Owing to the potential risks to the CV system, the CVC should be appropriately controlled in dialysis patients. However, methods for reversing the impact of calcified valves are limited. The aim of the current medical treatment of CVC emphasizes the control and prevention of CKD-MBD, namely, the stabilization of the serum levels of calcium, phosphate, and PTH42,57. Calcimimetics, calcitriol, and vitamin D analogs are used to treat secondary hyperparathyroidism in dialysis patients58. Although vitamin D analogs decrease serum PTH levels, they also induce calcification by elevating serum calcium and phosphate levels59. Therefore, calcimimetics such as cinacalcet activate receptors on the parathyroid gland and thus lower the levels of PTH, serum calcium, and phosphate have been introduced. However, a randomized controlled trial and meta-analysis did not find significant reductions in all-cause mortality, CV mortality, or major adverse CV events in dialysis patients receiving cinacalcet therapy60,61. Calcium-based and non-calcium-based phosphate binders are widely used62. Non-calcium-based phosphate binders, such as sevelamer, were found to be associated with lower all-cause mortality than calcium-based phosphate binders in one study63, whereas another study found no significant benefit on CV mortality64. Owing to the failure of traditional therapies, novel treatments have emerged to control CVC in patients with CKD or on dialysis. For example, serum alkaline phosphate levels have been correlated with CVC in HD patients65, and serum albumin levels have been shown to be predictors of CVC severity in dialysis patients66. In addition, a novel calcification inhibitor, SNF472, has entered clinical trials67.

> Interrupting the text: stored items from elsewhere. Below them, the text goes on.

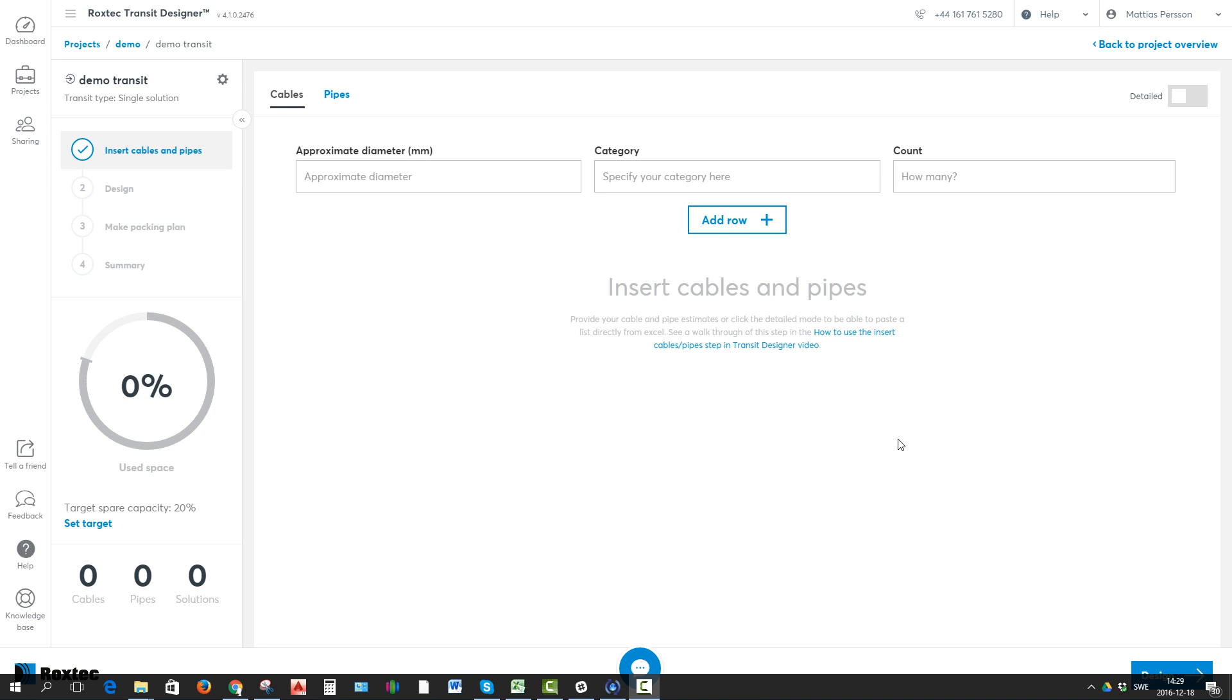Welcome to this video showing the insert cables and pipes depth in Rockstick Transit Designer. There are two modes to insert cables and pipes. The first one I'll show you is the estimate mode.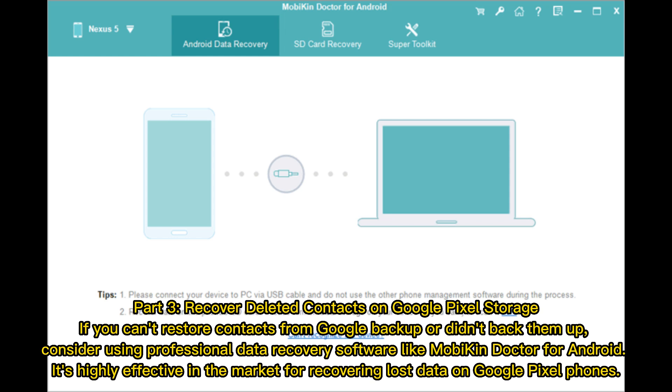Part 3 – Recover Deleted Contacts on Google Pixel Storage. If you can't restore contacts from Google Backup or didn't back them up, consider using professional data recovery software like Mobicon Doctor for Android.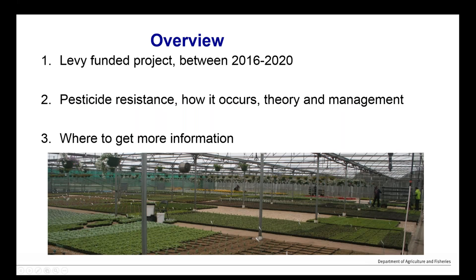The overview is pretty basic. We're going to cover, very briefly, the project in which these webinars is just a small part. Then we're going to talk about pesticide resistance — how it occurs, theory and management. We're going to point through the workshop to where you can get additional information, and we'll jump over to some websites.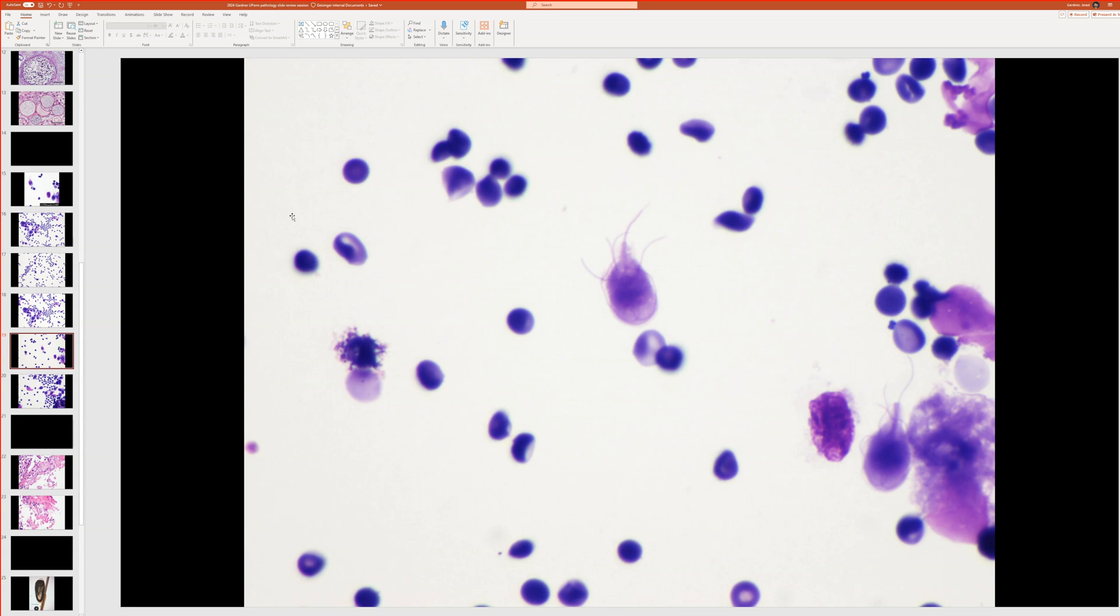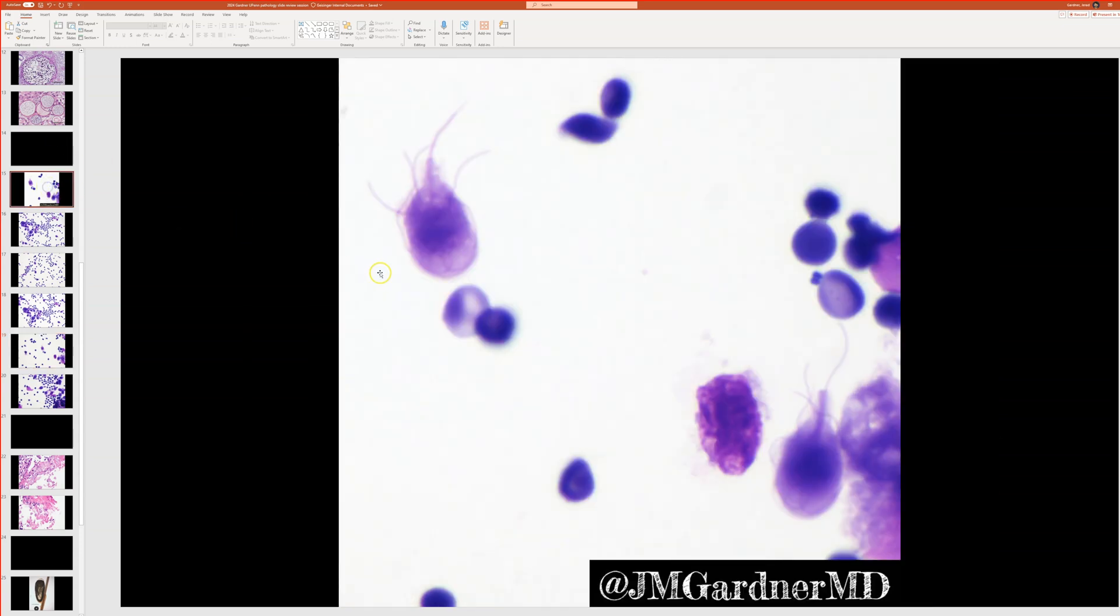So this is a cytospin. And what happened is basically a regular GI biopsy that ended up being Giardia had formalin left in it. So Dr. Balsavar took the formalin and had it spun down as a cytospin, and then it produced this incredible slide where we get to see a much nicer view of the organism.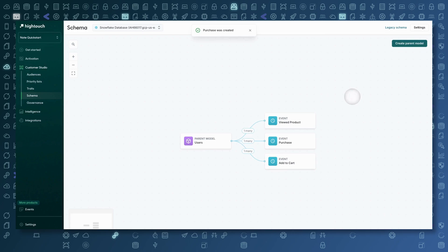And that's my one-time setup to get my schema in place. From now on, I never need to do this again. Hightouch can access these Snowflake tables and use this data whenever I need it for my marketing teams or other users.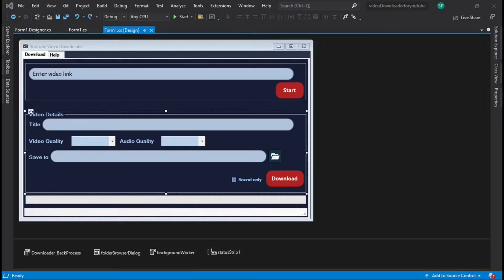Welcome to Asreal Code Lab. In this video I will show you how to design an app using C# for downloading YouTube videos. This is the final UI of the application that I'm going to design in this video.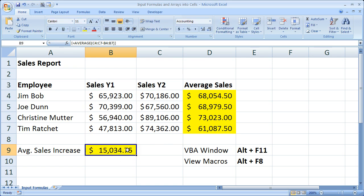As a result, you can't just use the range.value to enter an array formula into a cell.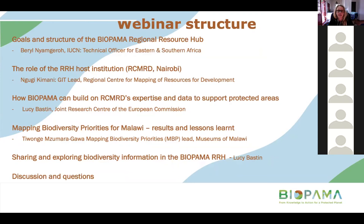Welcome everyone to the third Bioparma webinar, which is on practical collection and analysis of data to generate information products for specific policy needs, with a case study from Malawi. The webinar will be structured with a number of speakers covering sections of the topic.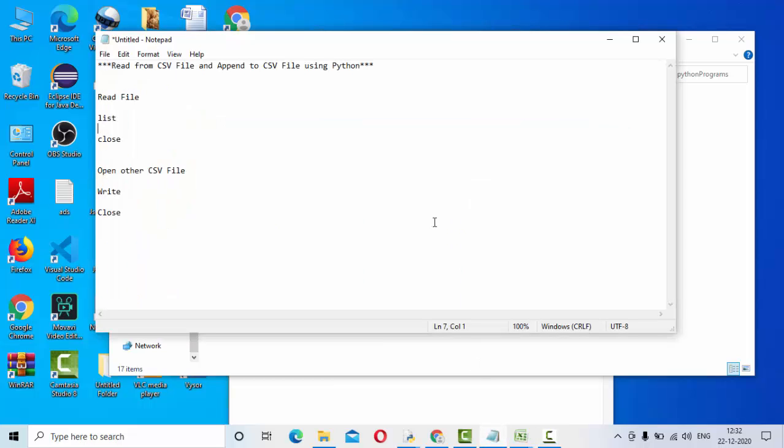Hey guys, welcome to KB tutorials. In this tutorial we are going to see how we can read from a CSV file and append it to the already existing CSV file using Python programming.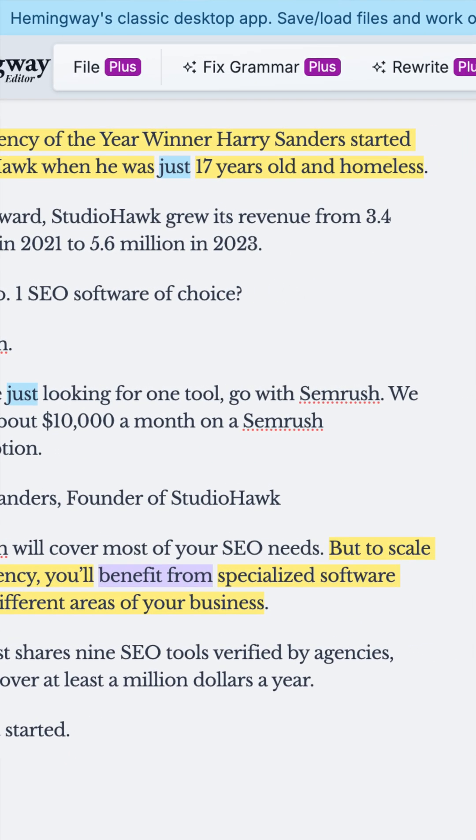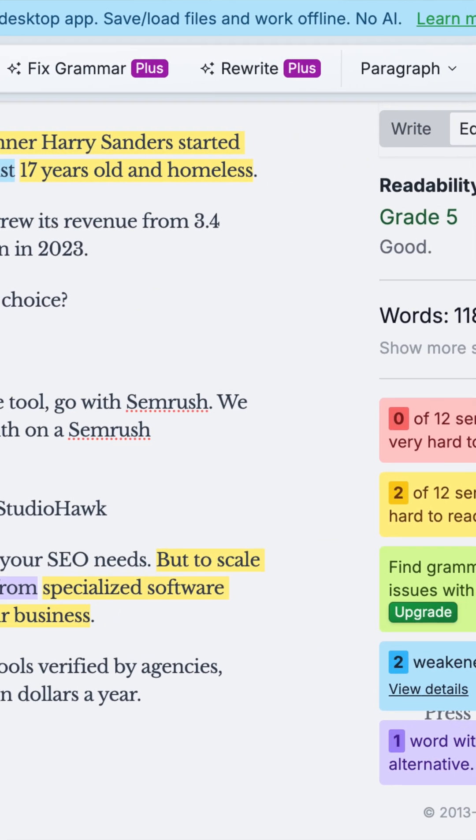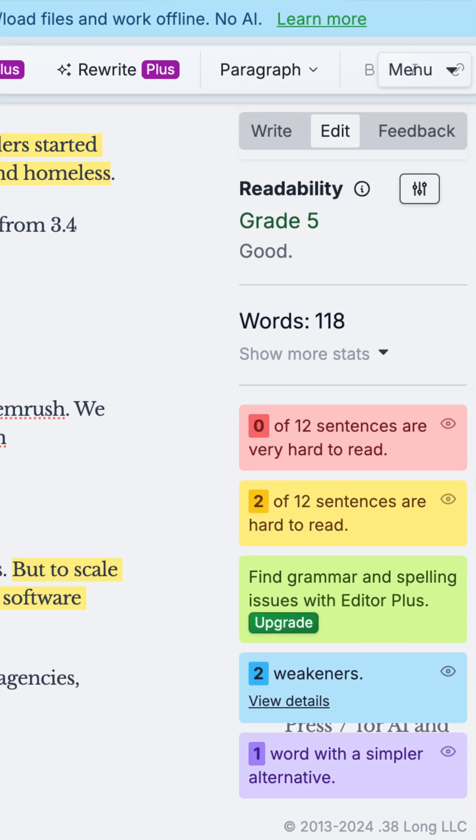If you're going to use a human to write it, I would highly recommend using the Hemingway Editor, which is actually a free tool. This will force you or your writer to create really clear and super readable content that will be highly impactful for the user. You don't need a ton of content optimization tools — just a few to produce high quality and consistent SEO content all the time.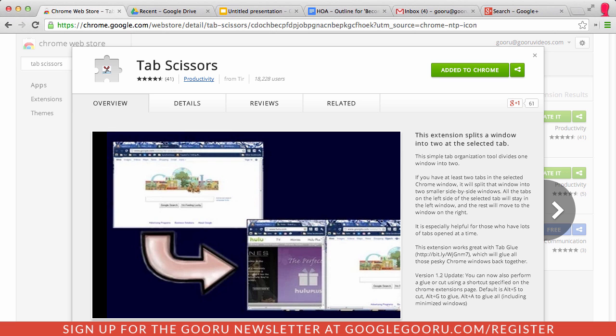So Tab Scissors splits your window into two different windows at the selected tab. So this is great if you have a lot of tabs open at a time, and the particular use case that I've found for it is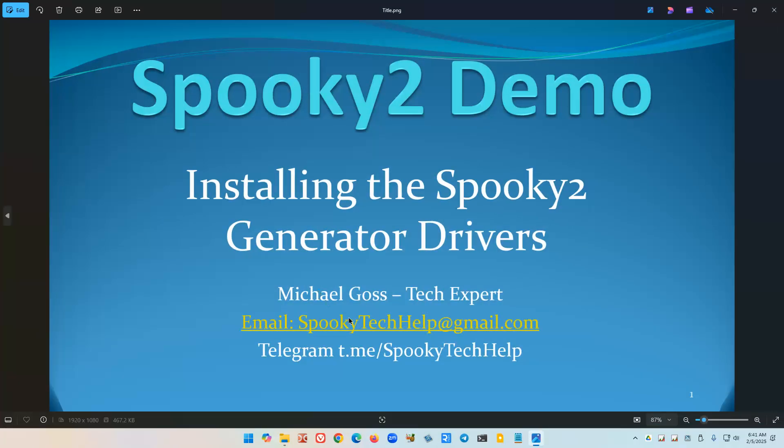Thank you for watching. If you have any questions about this, feel free to email me at spookietechhelp@gmail.com. I also have a Telegram group at spookietechhelp which has a number of users in it, and we trade answers back and forth there. Thank you for watching. I hope this video helps you out.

This study had several limitations. First, because of the relatively strict inclusion criteria and the limited number of previous studies, the analysis included only 10 studies, and the majority of patients included in the studies were from Asia, which may have led to publication bias and restricted the applicability of this meta-analysis to different populations. Second, the adjustments for covariates between the studies were different, and the heterogeneity in the comparisons of CV mortality may have influenced the robustness of the results. Third, the relatively short median dialysis time may have prevented the detection of certain CV diseases, which typically require a long period of development.

Conclusion

This article summarizes recent findings regarding the association between CVC and prognosis in dialysis patients and reviews the factors and mechanisms involved in the development of CVC. These results indicate that CVC is associated with higher all-cause and CV mortality in patients undergoing dialysis, whether HD or PD patients. Patients with MVC had a higher all-cause mortality than those with AVC. Further research is required to develop new treatments and to elucidate the mechanisms involved in the development of CVC.